Geometric Brownian motion (GBM) is the workhorse model of mathematical
finance — the price process at the heart of Black–Scholes. It is the
stochastic differential equation
dS_t = \mu S_t\,dt + \sigma S_t\,dW_t, \qquad S_0 > 0,
read as: over an instant, the price S_t drifts up at rate
\mu and is kicked by noise of size \sigma —
both proportional to the current price. That proportionality is the modelling insight:
a \$200 stock and a \$2 stock should move by similar percentages, not similar dollar
amounts. Dividing through, the SDE says the return
dS_t / S_t = \mu\,dt + \sigma\,dW_t has constant drift and volatility.
Here \mu is the expected return and
\sigma the volatility.
Unlike arithmetic Brownian motion, this SDE has state-dependent coefficients, so we cannot
integrate it directly. We solve it with the log-transform — and the answer will be clean,
explicit, and forever positive.
Solving GBM, line by line
We follow the
transform-and-integrate
recipe: apply Itô's lemma
to Y = \ln S, which turns the multiplicative noise into additive
noise we can integrate.
Step 1 — choose the transform and its derivatives. Let
f(s) = \ln s, so Y_t = f(S_t) with
f'(s) = \frac{1}{s}, \qquad f''(s) = -\frac{1}{s^2}.
Step 2 — write Itô's lemma. For a function of a single Itô process,
dY = f'(S)\,dS + \tfrac12 f''(S)\,(dS)^2. Substitute the derivatives:
dY = \frac{1}{S}\,dS - \frac{1}{2}\,\frac{1}{S^2}\,(dS)^2.

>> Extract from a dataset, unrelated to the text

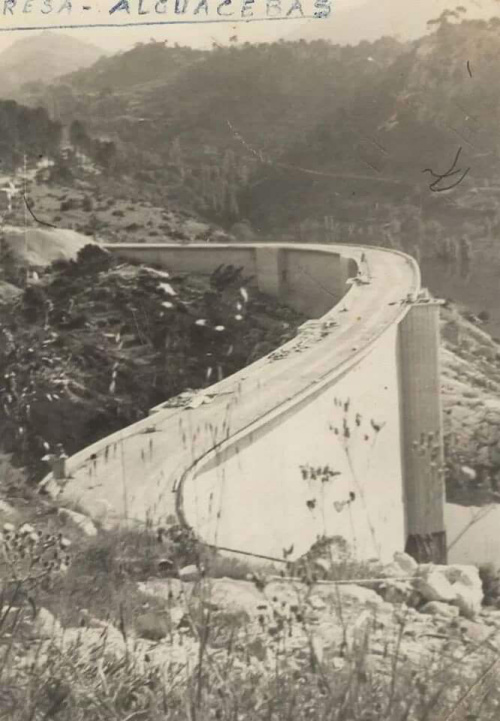 Pantano de Aguascebas - Pantano de Aguascebas. Foto antigua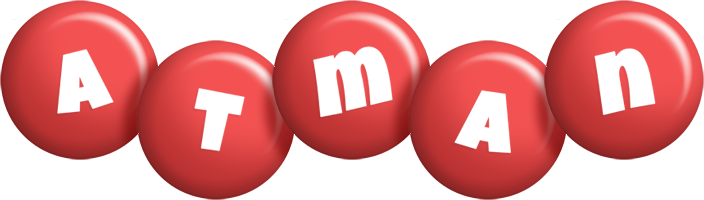 Atman candy-red logo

Step 3 — substitute dS = \mu S\,dt + \sigma S\,dW.
Into the first term:
\frac{1}{S}\,dS = \frac{1}{S}\big(\mu S\,dt + \sigma S\,dW\big) = \mu\,dt + \sigma\,dW.
Step 4 — compute (dS)^2 by the box
algebra. Squaring dS = \mu S\,dt + \sigma S\,dW and keeping
only the surviving term ((dW)^2 = dt, while
(dt)^2 and dt\,dW are higher order):
(dS)^2 = \sigma^2 S^2\,(dW)^2 = \sigma^2 S^2\,dt.
Step 5 — substitute that second-order term. The
S^2 cancels the 1/S^2:
-\frac{1}{2}\,\frac{1}{S^2}\,(dS)^2 = -\frac{1}{2}\,\frac{1}{S^2}\,\sigma^2 S^2\,dt = -\frac{1}{2}\sigma^2\,dt.
Step 6 — collect. Adding the first-order and second-order pieces, the price
S has disappeared entirely — constant coefficients:
dY = \Big(\mu - \tfrac12\sigma^2\Big)\,dt + \sigma\,dW.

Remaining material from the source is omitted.